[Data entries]
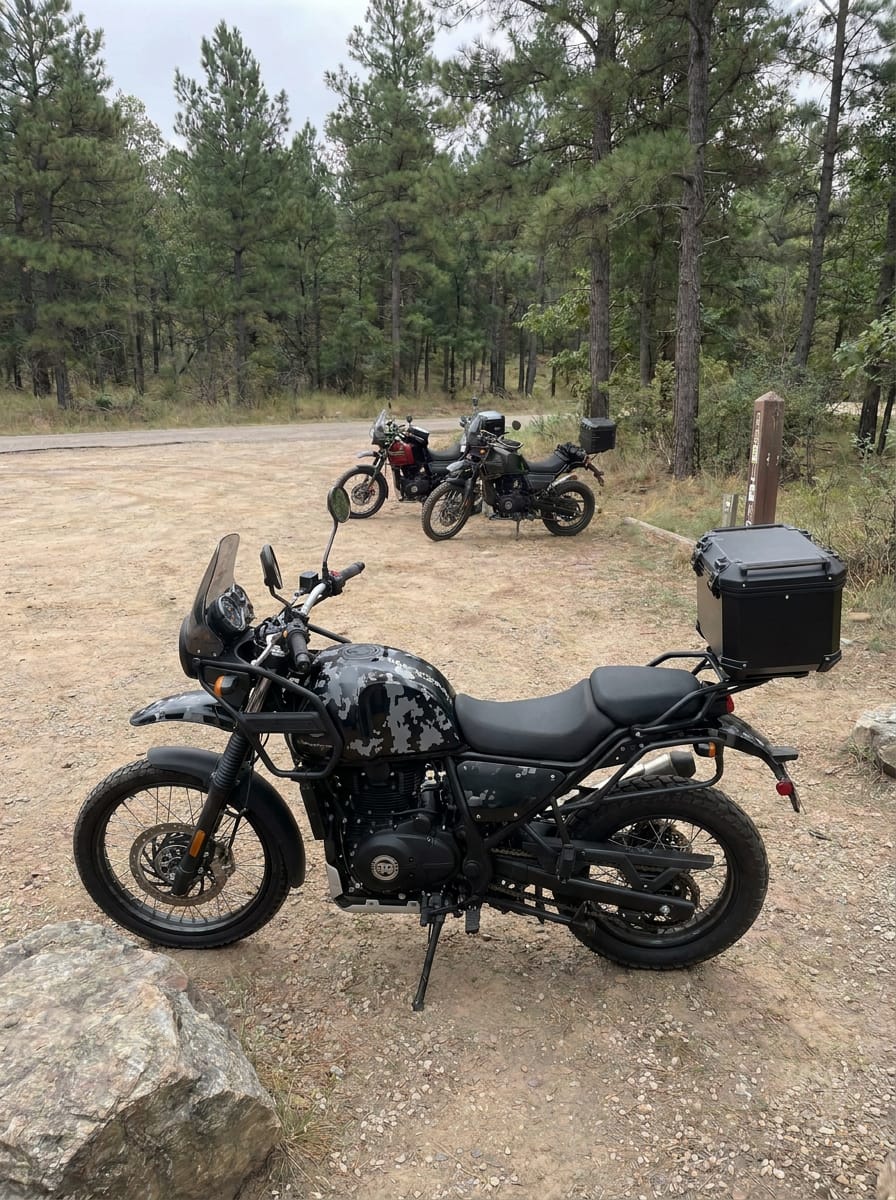Customer photo review of 38L - Apex XL Royal Enfield Himalayan 450 Aluminum Top Case Black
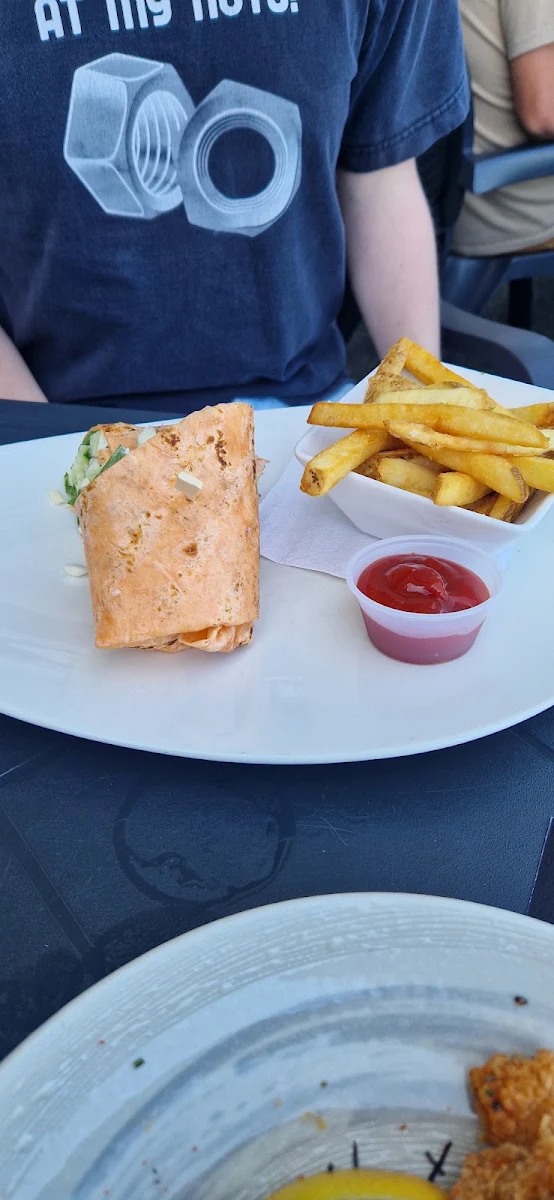 Quay West Club Wrap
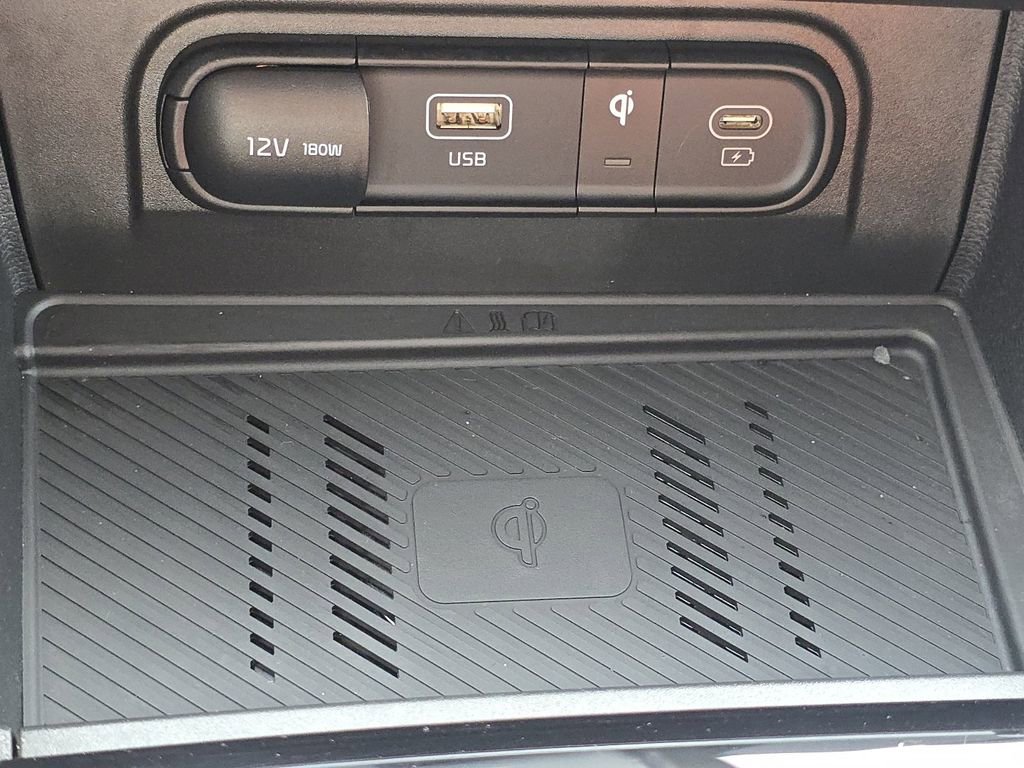 Used 2023 Kia Sportage SX image 32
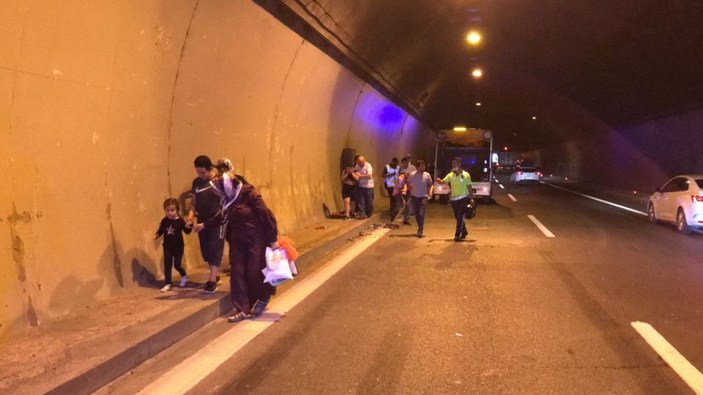 Zincirleme kazada 5 kişi yaralandı, araçlardakiler tünelde oturdu  -4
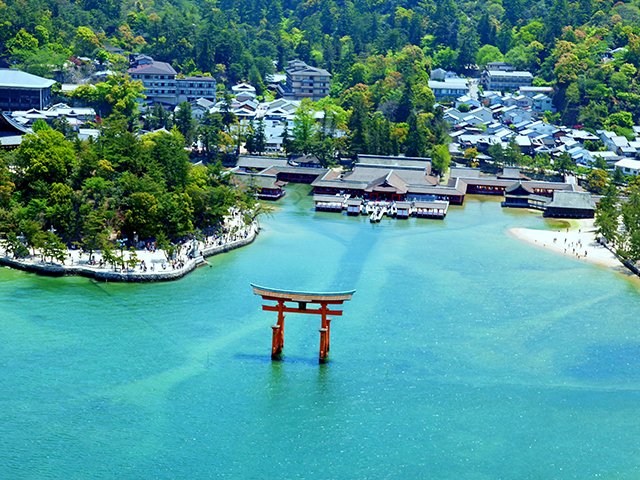 厳島神社だけじゃない！世界遺産から絶景まで、定番観光名所をめぐる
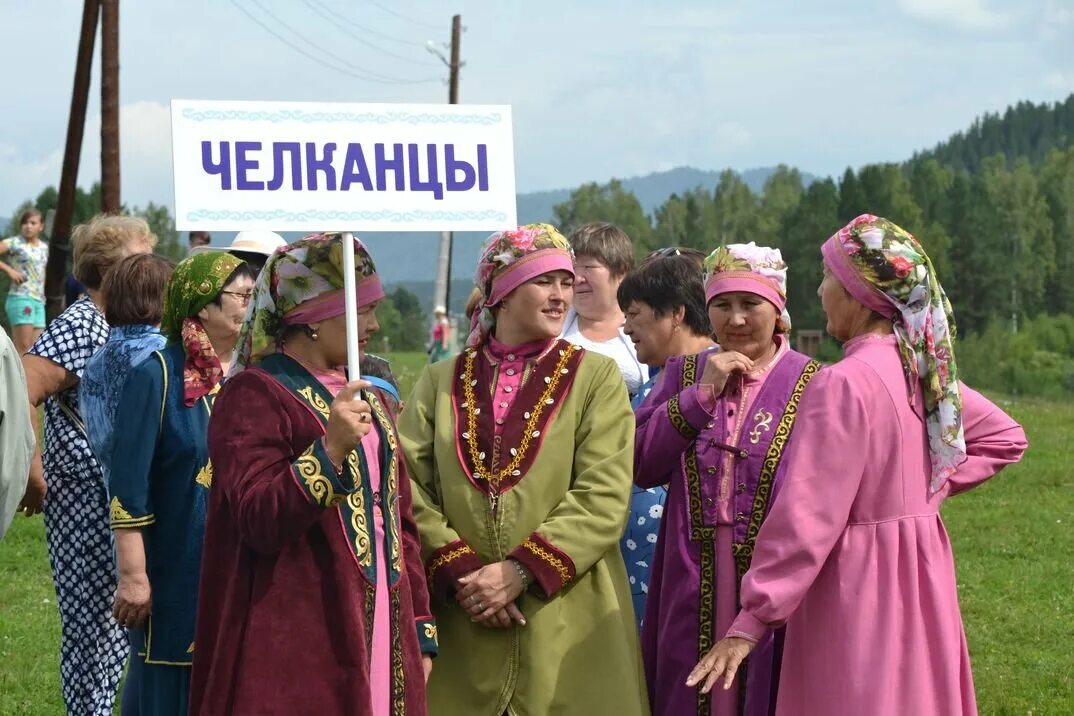 Народы населяющие алтайский край. Кумандинцы алтая национальный костюм. Алтайцы-теленгиты. Традиции народов алтая. Народы населяющие алтайский край.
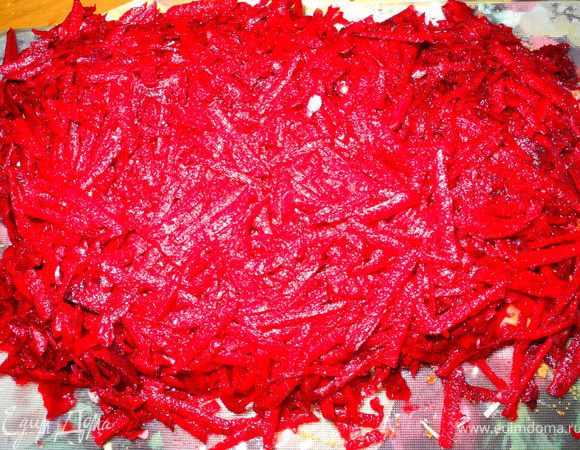 Форель накрыть слоем хрена, затем свеклы, слегка прижать.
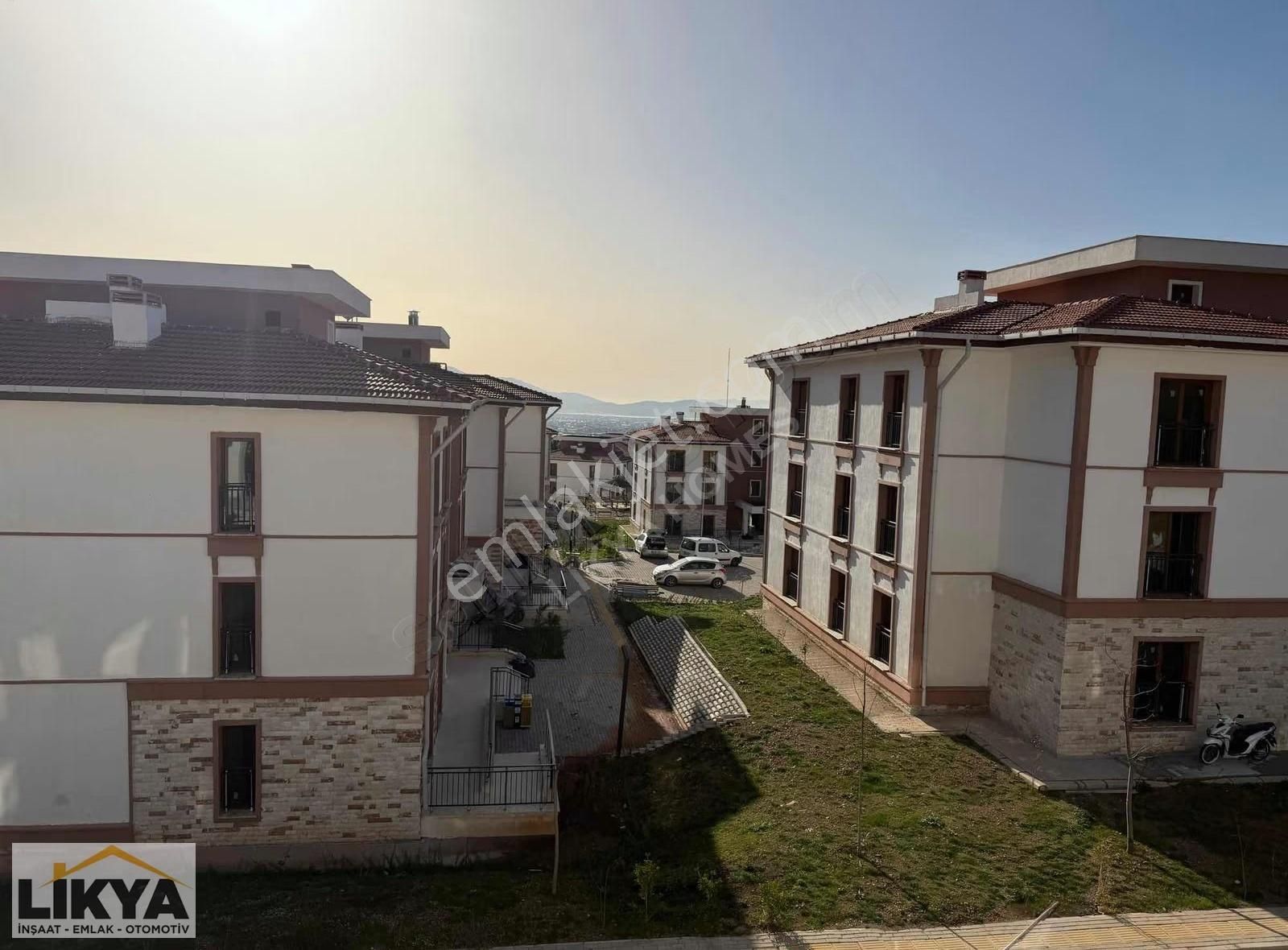 Fethiye Karaçulha Mah.de Toki Evlerinde 2+1 Kapalı Mutfak Arakat - Görsel 16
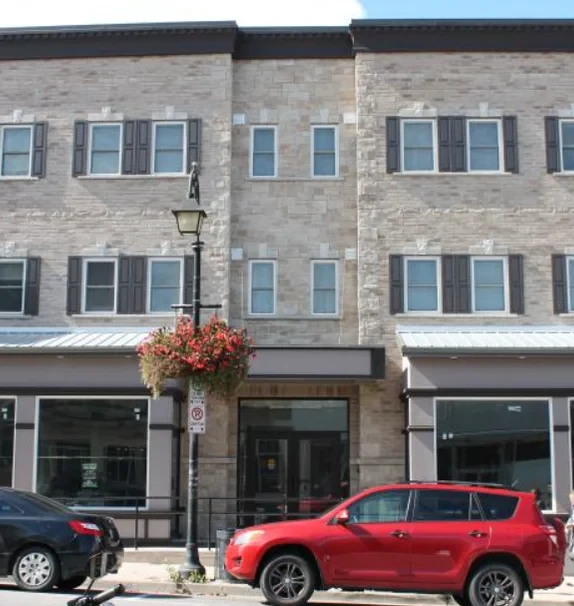 21 Front Street South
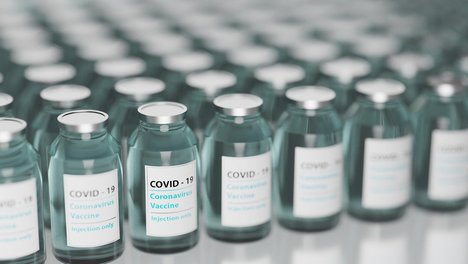 Das Foto zeigt mehrere Dosen Corona-Impfstoff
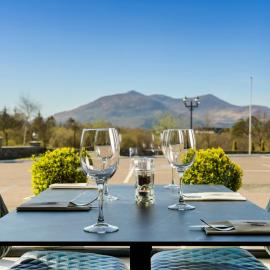 Killarney Oaks Hotel、キラーニーのホテル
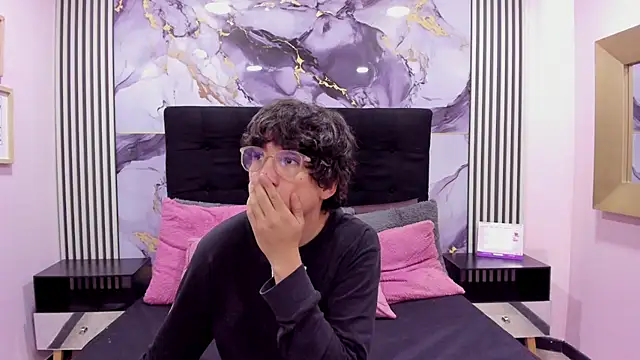 Snapshot of Desire_Ecstasy chatting on December 3, 1:10 pm Desire Ecstasy online show from December 3, 1:10 pm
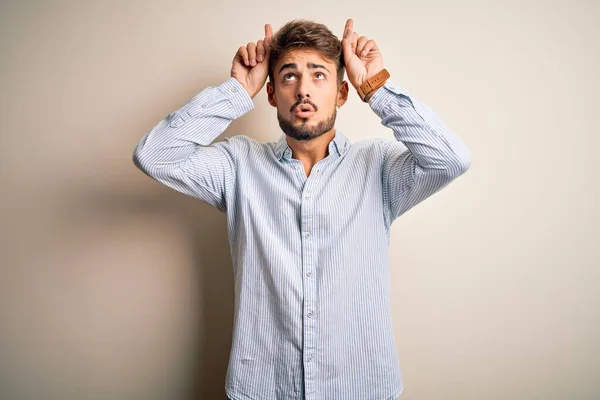 Mladý Pohledný Muž Vousy Nosí Pruhovanou Košili Stojící Nad Bílým — Stock fotografie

- [Exercise objective]: A verbatim reproduction is expected: starting at the line above that has "Quay West Club Wrap", ending at the line that has "厳島神社だけじゃない！世界遺産から絶景まで、定番観光名所をめぐる", both included, and with no pictures and no other lines.

- [Task solution]:
 Quay West Club Wrap
 Used 2023 Kia Sportage SX image 32
 Zincirleme kazada 5 kişi yaralandı, araçlardakiler tünelde oturdu  -4
 厳島神社だけじゃない！世界遺産から絶景まで、定番観光名所をめぐる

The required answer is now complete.